**EXERCISE BRIEF**. Working from the records below, return word for word the line that contains "2025届浙江杭州余杭区数学七下期末复习检测模拟试题含解析" and each line after it, ending with the last. Skip all pictures.
Segment Start: RECORD SET
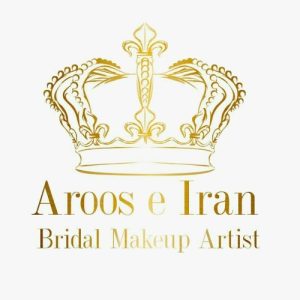 سالن زیبایی عروس ایران رشت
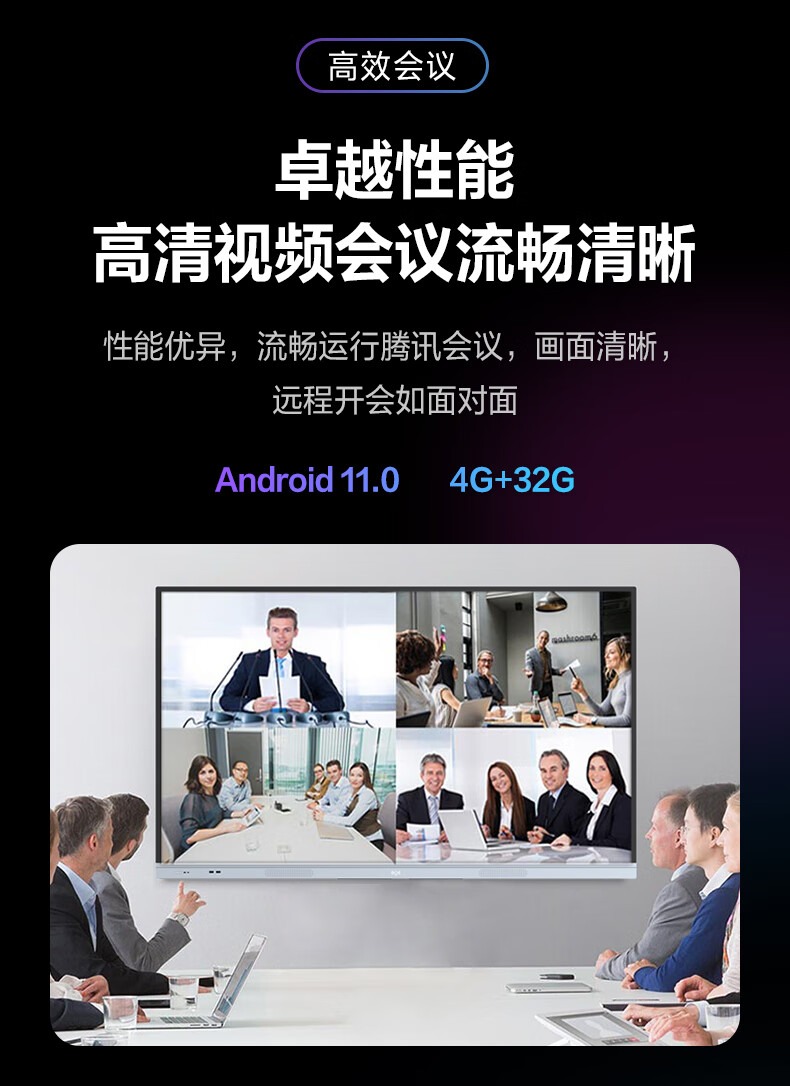 京东方BWB55-GI4B3会议平板高精度触控书写演示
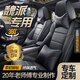 夢(mèng)多福魏派vv5/VV6/VV7瑪奇朵拿鐵DHT座套坐墊全包圍真皮座椅套四季通用 全車(chē)360全包圍專(zhuān)車(chē)定制-紳士黑 17-2022年新老款長(cháng)城魏派內飾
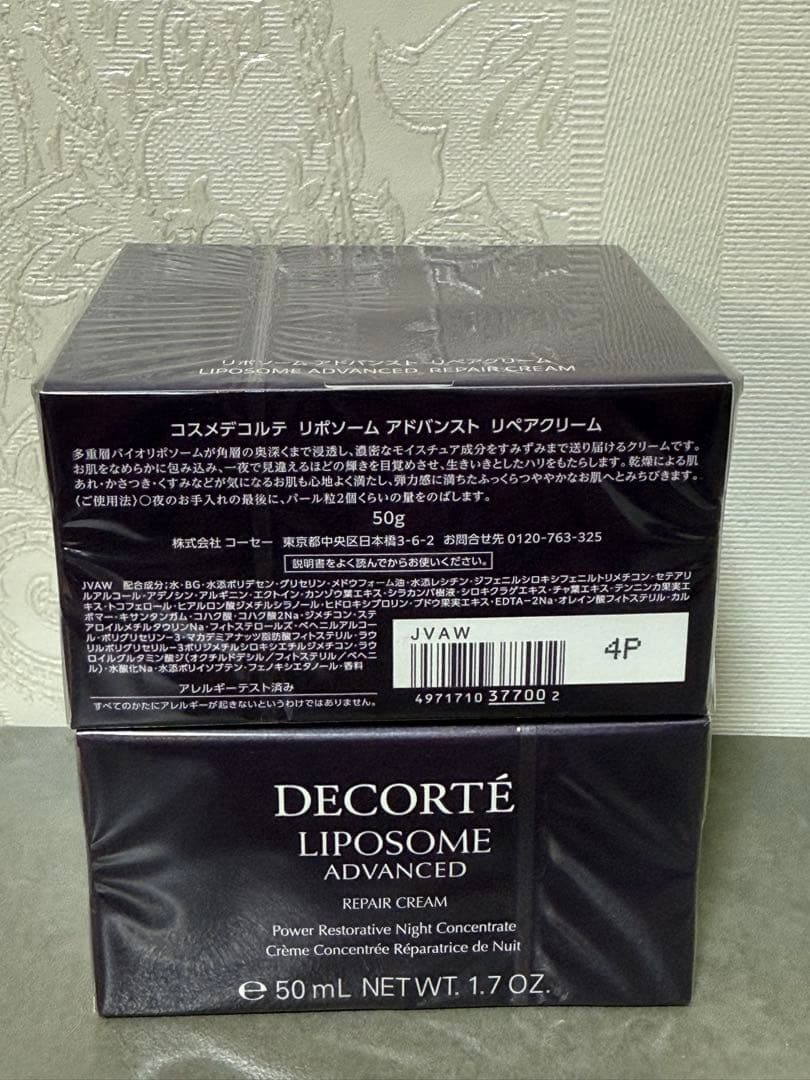リポソーム アドバンスト リペアクリーム 50g2個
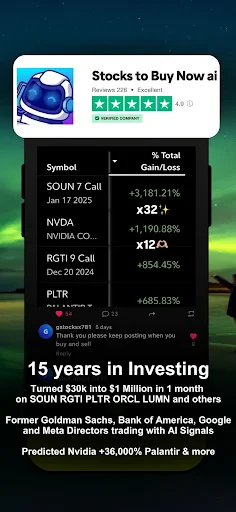Stocks To Buy Now : AI Signals screenshot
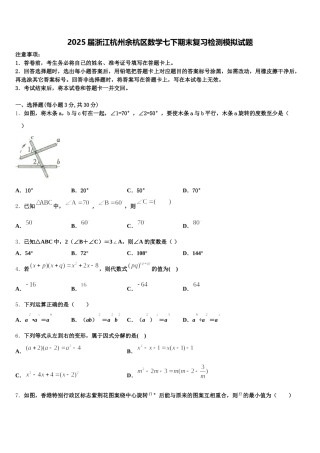 2025届浙江杭州余杭区数学七下期末复习检测模拟试题含解析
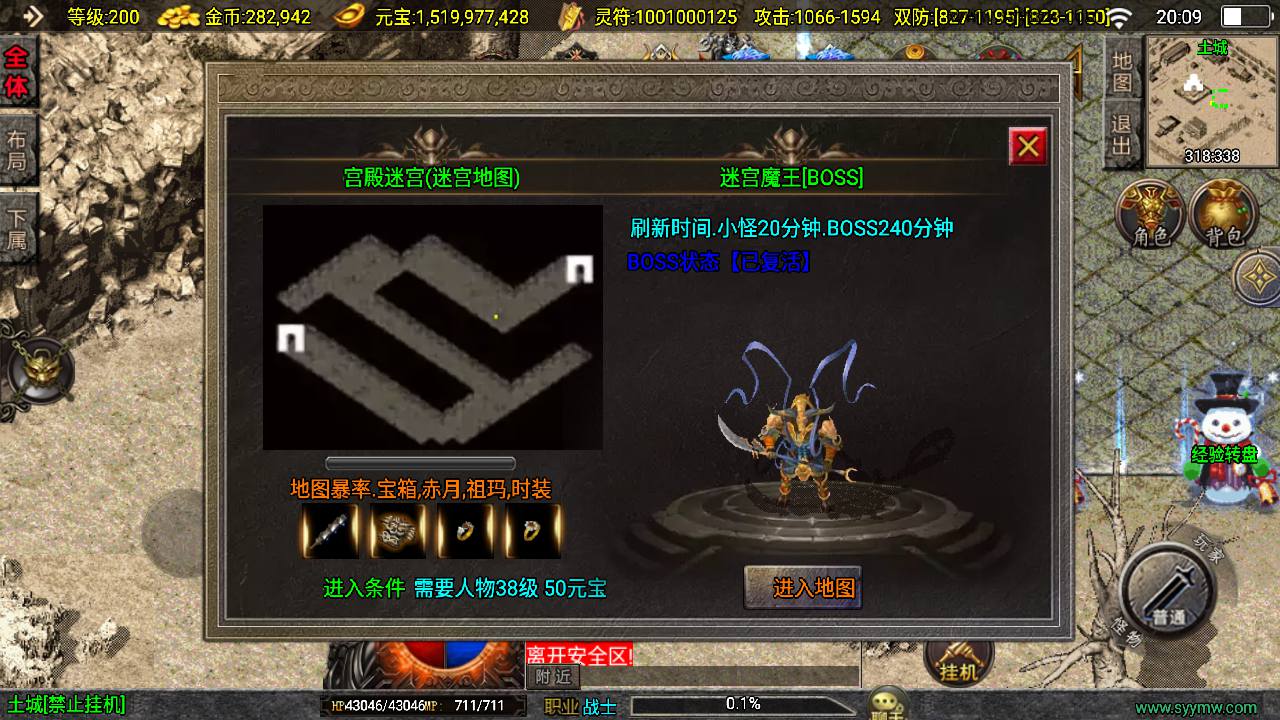 图片[12]-【传奇手游之涿鹿之决战-新白猪3.1大背包插件-免授权版】经典三职业复古战神引擎传奇手游-2025年4月1日全新打包Win服务端源码视频架设教程-新版GM多功能网页授权物品后台-GM直冲网页后台-安卓苹果IOS双端版本！-朝晞小屋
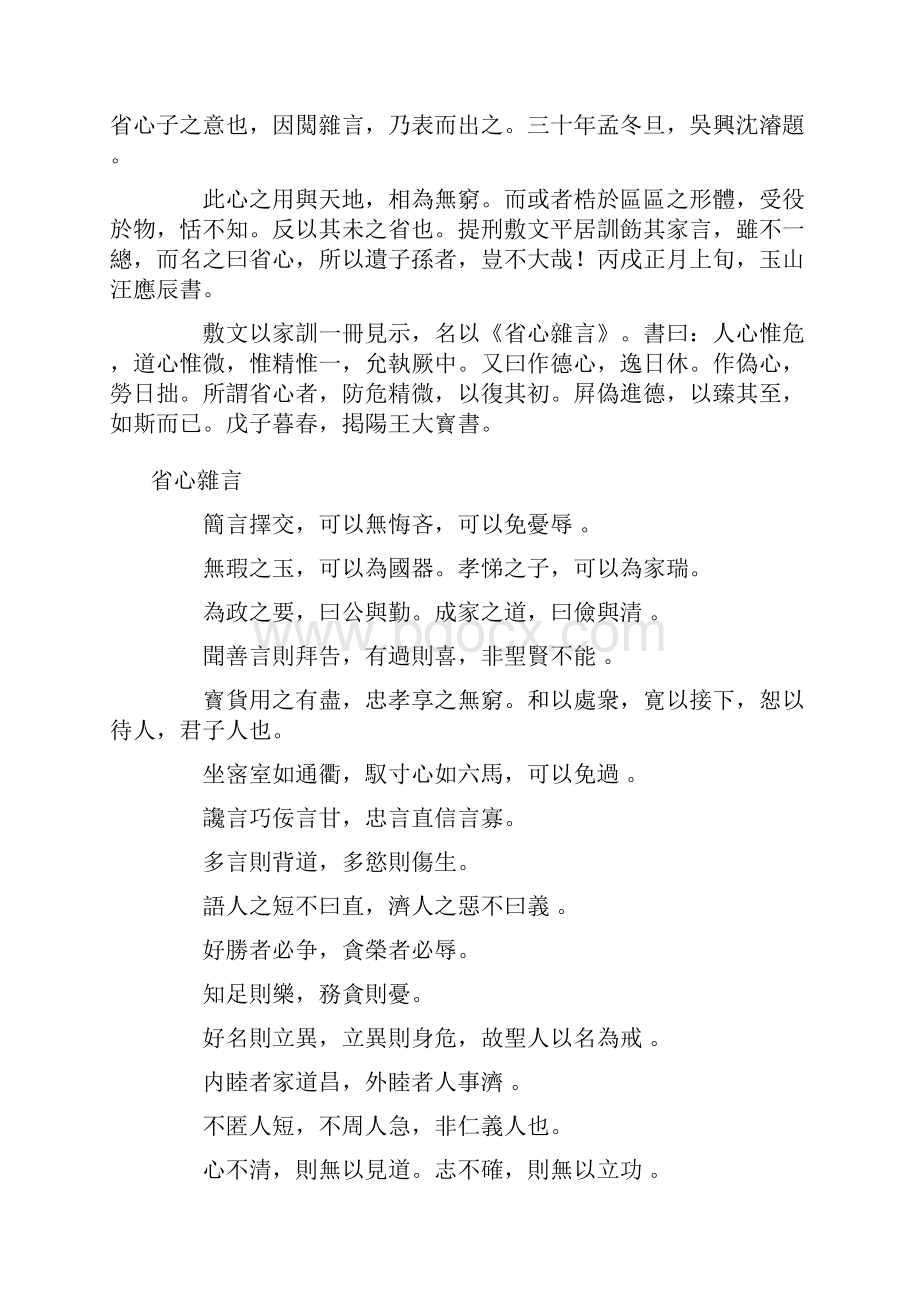 省心杂言.docx_第2页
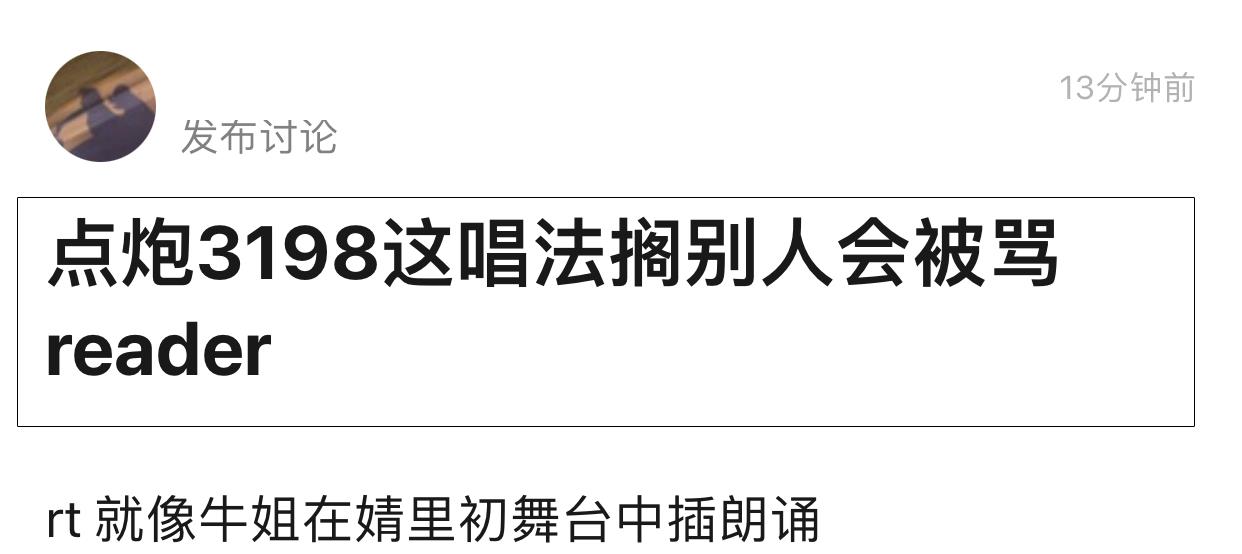 哥哥|《哥哥》一公舞台缺亮点,《3189》被吐槽,日常与公演混剪节奏乱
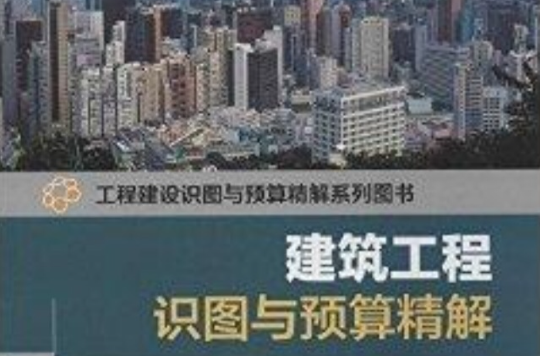 建築工程識圖與預算精解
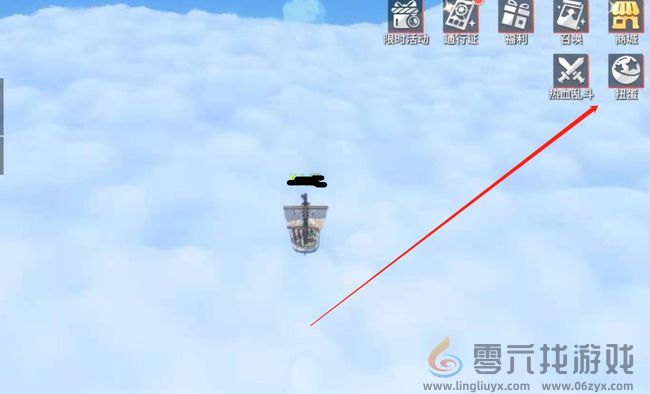 航海王热血航线扭蛋币使用方法(图1) 航海王热血航线扭蛋币使用方法(图1)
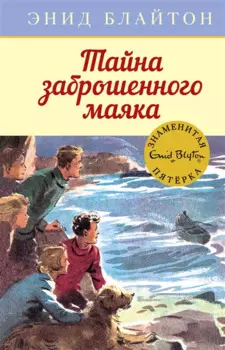 Тайна заброшенного маяка. Книга 12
Segment End: RECORD SET
**EXERCISE SOLUTION**.
 2025届浙江杭州余杭区数学七下期末复习检测模拟试题含解析
 图片[12]-【传奇手游之涿鹿之决战-新白猪3.1大背包插件-免授权版】经典三职业复古战神引擎传奇手游-2025年4月1日全新打包Win服务端源码视频架设教程-新版GM多功能网页授权物品后台-GM直冲网页后台-安卓苹果IOS双端版本！-朝晞小屋
 省心杂言.docx_第2页
 哥哥|《哥哥》一公舞台缺亮点,《3189》被吐槽,日常与公演混剪节奏乱
 建築工程識圖與預算精解
 航海王热血航线扭蛋币使用方法(图1) 航海王热血航线扭蛋币使用方法(图1)
 Тайна заброшенного маяка. Книга 12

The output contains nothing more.